Image-text web data:
━━━━━━━━
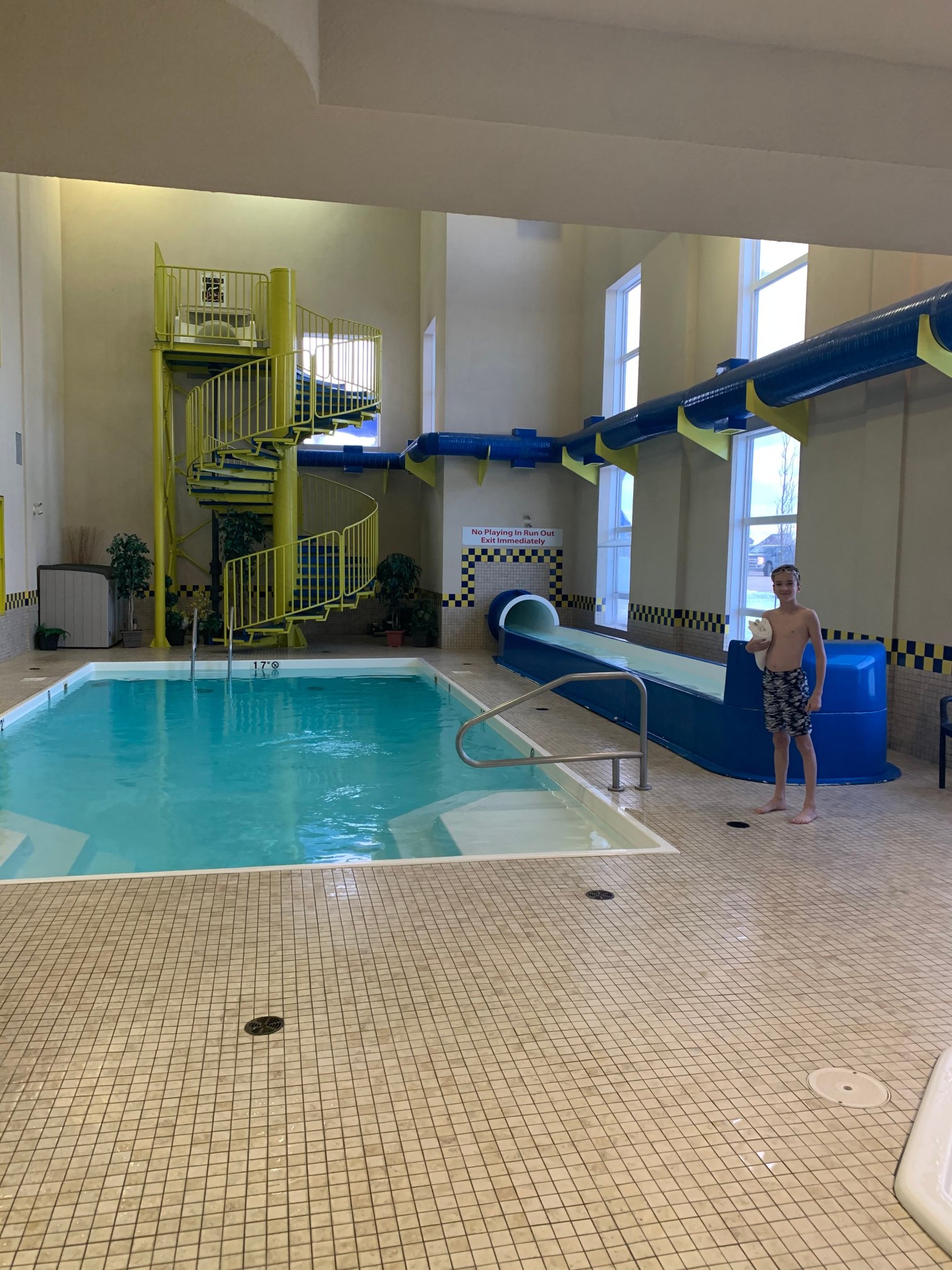 Redwood Inn & Suites-泳池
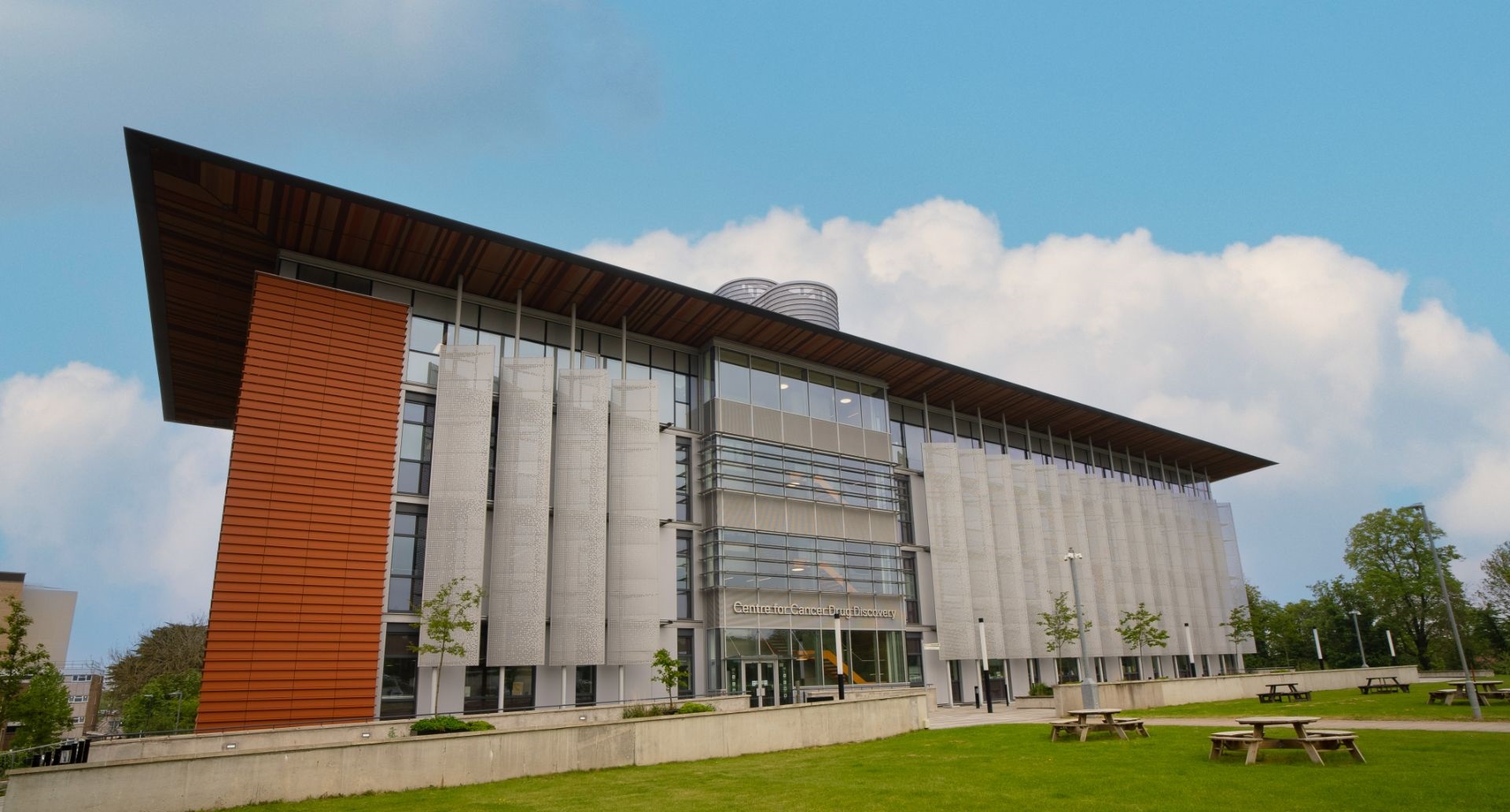 View of the Centre for Cancer Drug discovery from the outside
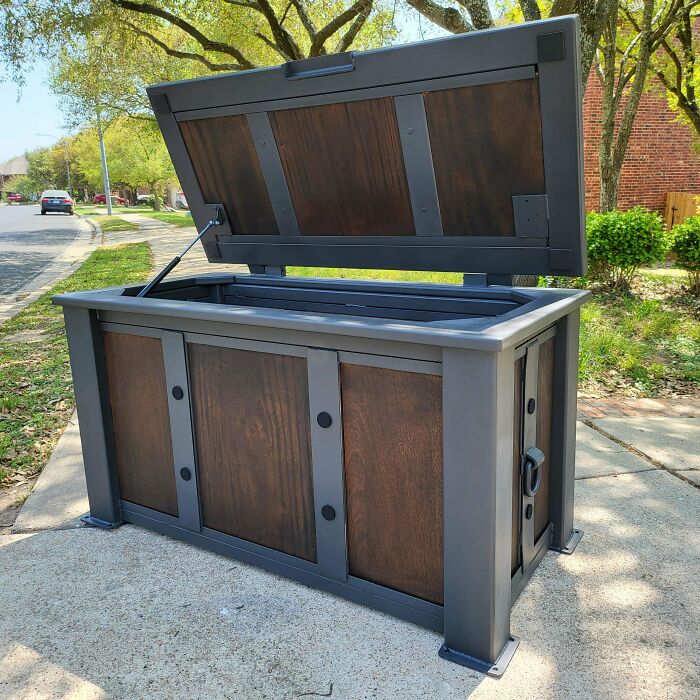 89 Impressive Things People Forged From Metal That Look Almost Too Good To Be Handmade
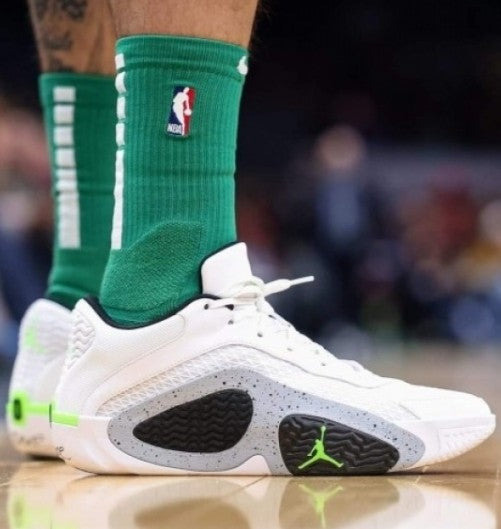 NIKE Jordan Jayson Tatum 2 Legacy White Neon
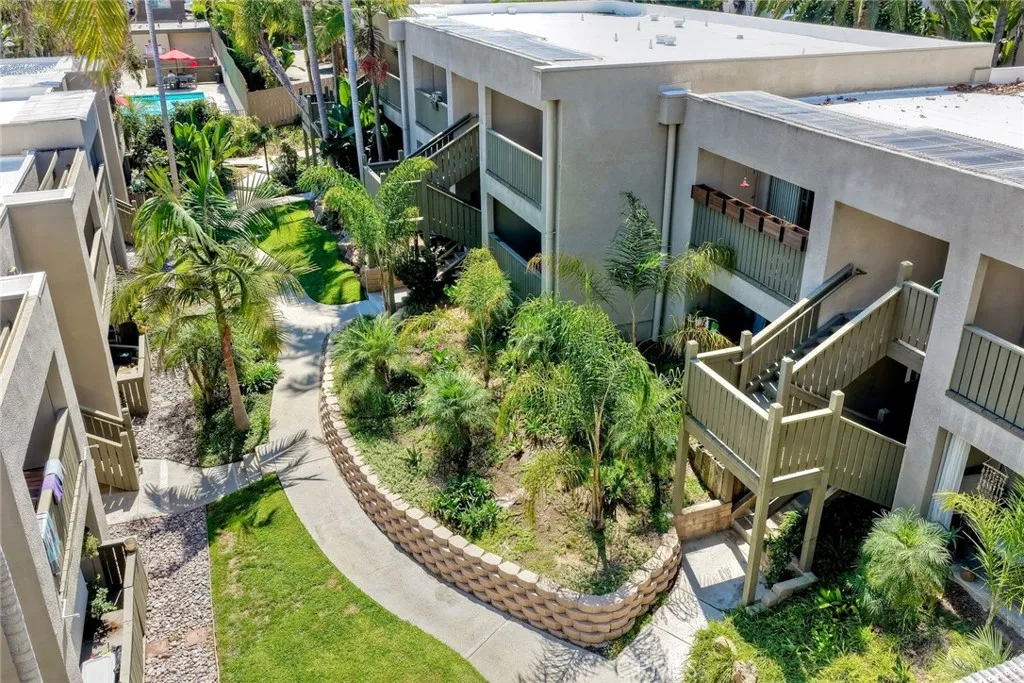 https://cdn.realtyfeed.com/cdn/127/306721567/f8dffac0629ae3f65d02b1c4a28e8bab.webp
━━━━━━━━
§ **Exercise instructions**:
Repeat every line of the data above exactly, but drop the pictures.

§ **Written response**:
 Redwood Inn & Suites-泳池
 View of the Centre for Cancer Drug discovery from the outside
 89 Impressive Things People Forged From Metal That Look Almost Too Good To Be Handmade
 NIKE Jordan Jayson Tatum 2 Legacy White Neon
 https://cdn.realtyfeed.com/cdn/127/306721567/f8dffac0629ae3f65d02b1c4a28e8bab.webp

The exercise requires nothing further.